Long story short, it is possible — and in this the Design is fundamental — to imagine the future five years from now with reasonable precision, to understand which technologies will be mature by then. Then they can start a backward path to understand what kind of experiences people will live, identify which will be the technological and operational platforms that will enable them and, finally, define a roadmap to bridge the gap between that vision and the present.

We can also try to outline the steps of this path:

  1. Look at mature exponential technologies, understand what their adoption curve will be 36 months from now, understand their implications and possibilities for people, observe and understand the macro trends crossing the market and civil society.
  2. Imagine what kind of experience people will have and define the ideal front-stage and back-stage service operating model to support this kind of experience.
  3. Identify the ideal application and operational map (BSS / OSS) and evaluate the distance between the infrastructure of the future and today’s reality to understand how to transform it so to offer that kind of service, or product.
  4. Define a roadmap to fill this gap and execute it.

The role of Design is to define the future scenario and analyze this vision to derive requirements from it so that organizations can orient their investments for the next three to five years on a specific change curve.
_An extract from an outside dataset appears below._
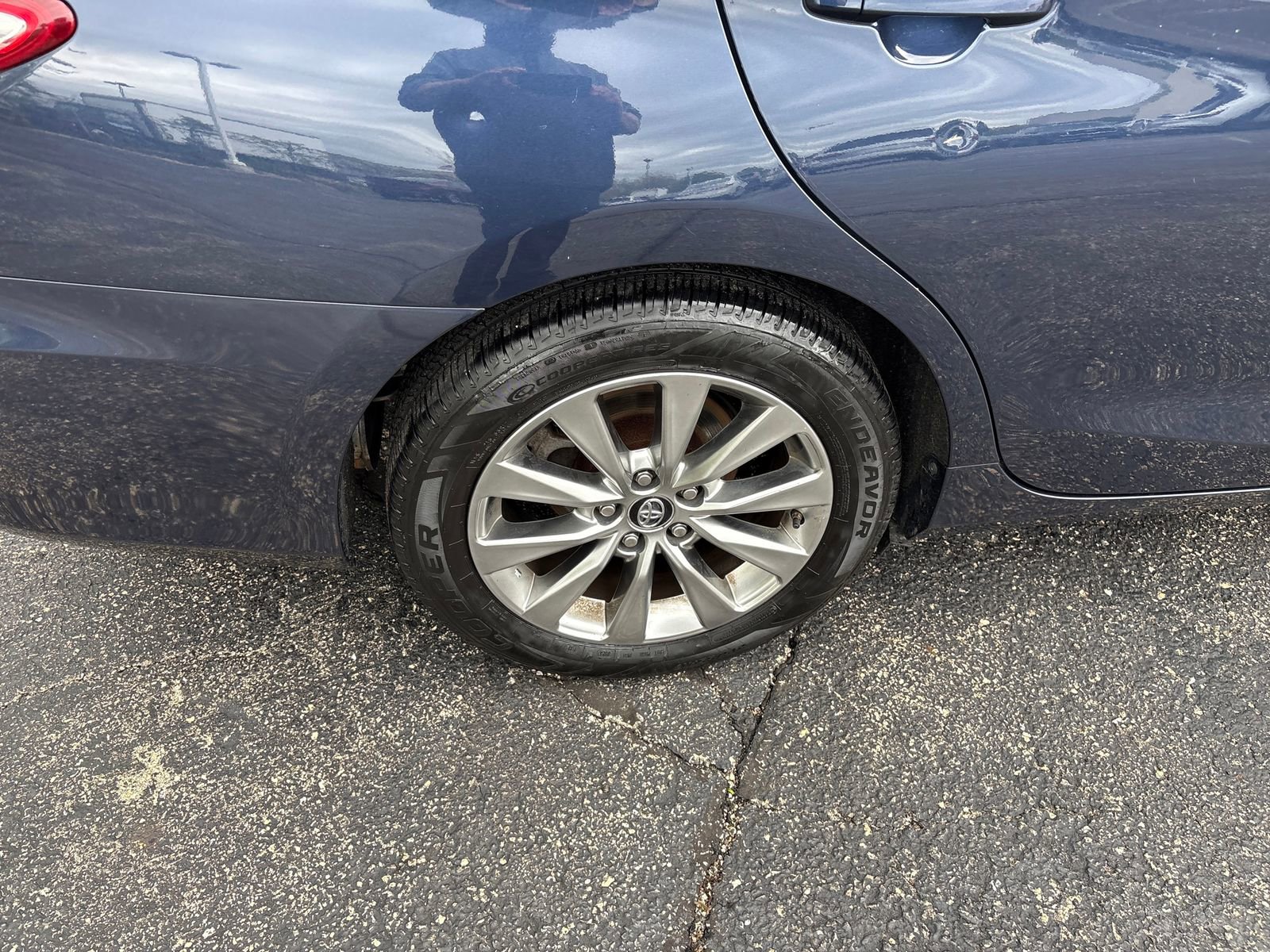 Used 2017 Toyota Camry XLE FWD image 32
While the discipline’s approach is strategic in terms of infrastructure, it remains experimental in terms of business functions. Precisely because the path organizations will have to take may not be linear, but it may force them to make quantum leaps both in terms of supply and internal structure.

But beware: focusing on the next-to-be does not eliminate the need to build hypotheses and scenarios to prepare for more remote eventualities. Just as there are different stages of the future, there must be different ways to deal with it. Design can make a fundamental contribution: as the “tenth man” when looking at the far future, as an interpreter and visionary when dealing with the medium term, and as a pioneer when coping with the next-to-be.

The future is above all the result of the way we can imagine it and thinking about the future changes the way we design for the present.